__What to produce__.
In the copy, include every record below exactly as it appears, but no pictures.
START Data under study
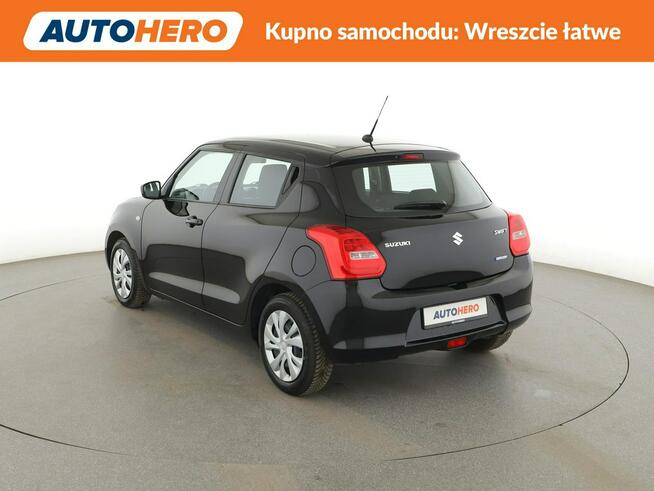 Suzuki Swift mHEV klima tempomat Warszawa - zdjęcie 4
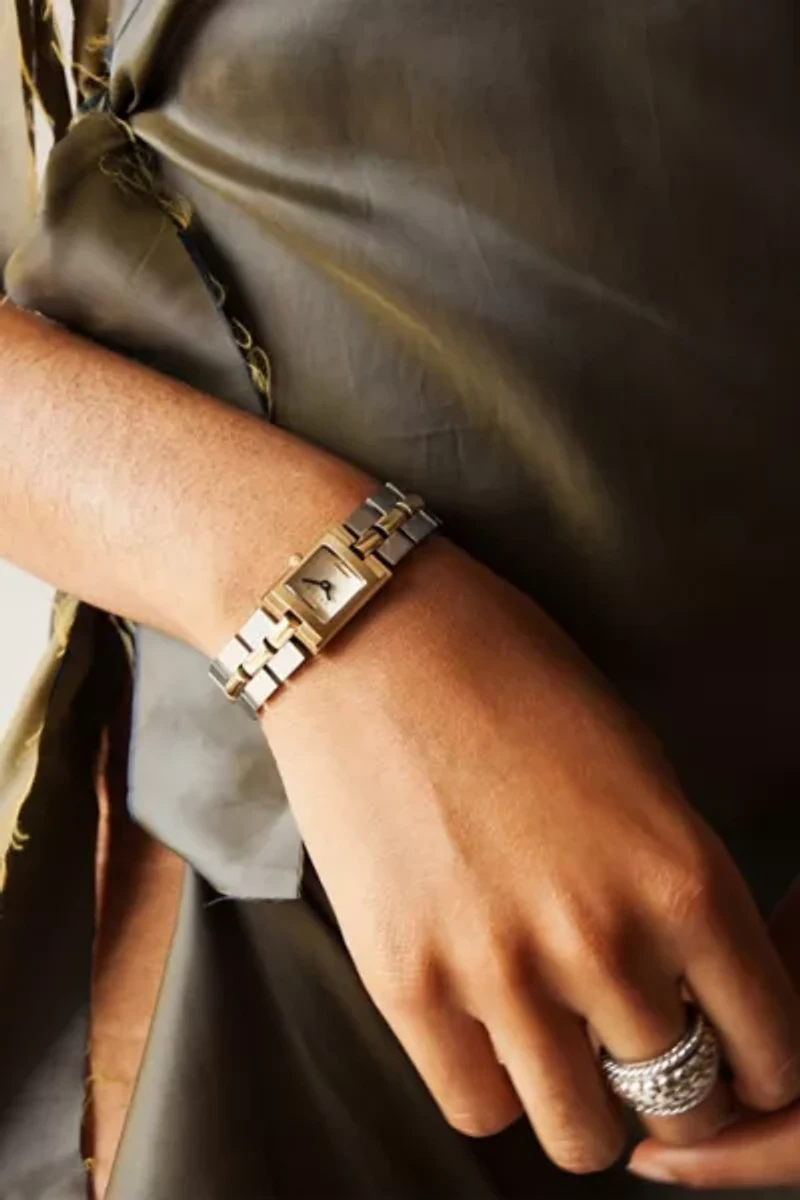 BREDA Relic Metal Bracelet Quartz Analog Watch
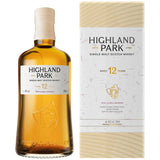 Highland Park 12 Jahre Single Malt Scotch Whisky 40% 0,7 Liter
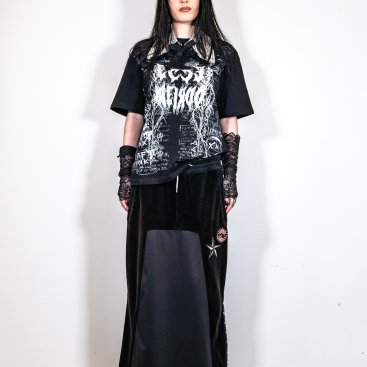 ecce OPNI vêtement écoresponsable fabriqué à CAEN AVRIL 2026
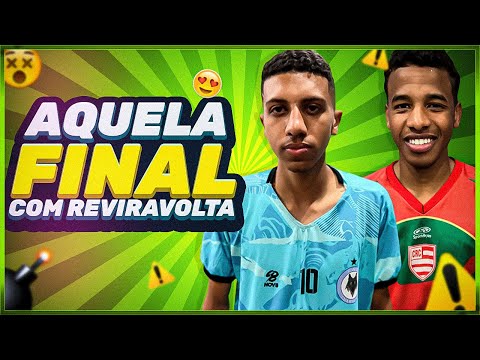 Wolves x Fenix - Final da Copa Cecap (SUB19)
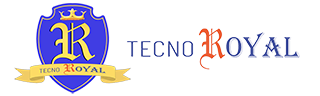 Logo Tecnoroyal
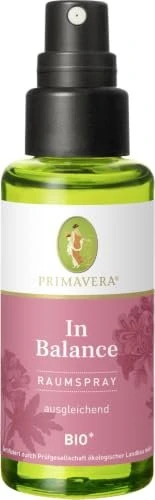 Primavera Bio In Balance Duftspray, 50ml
END Data under study
__Solution__.
 Suzuki Swift mHEV klima tempomat Warszawa - zdjęcie 4
 BREDA Relic Metal Bracelet Quartz Analog Watch
 Highland Park 12 Jahre Single Malt Scotch Whisky 40% 0,7 Liter
 ecce OPNI vêtement écoresponsable fabriqué à CAEN AVRIL 2026
 Wolves x Fenix - Final da Copa Cecap (SUB19)
 Logo Tecnoroyal
 Primavera Bio In Balance Duftspray, 50ml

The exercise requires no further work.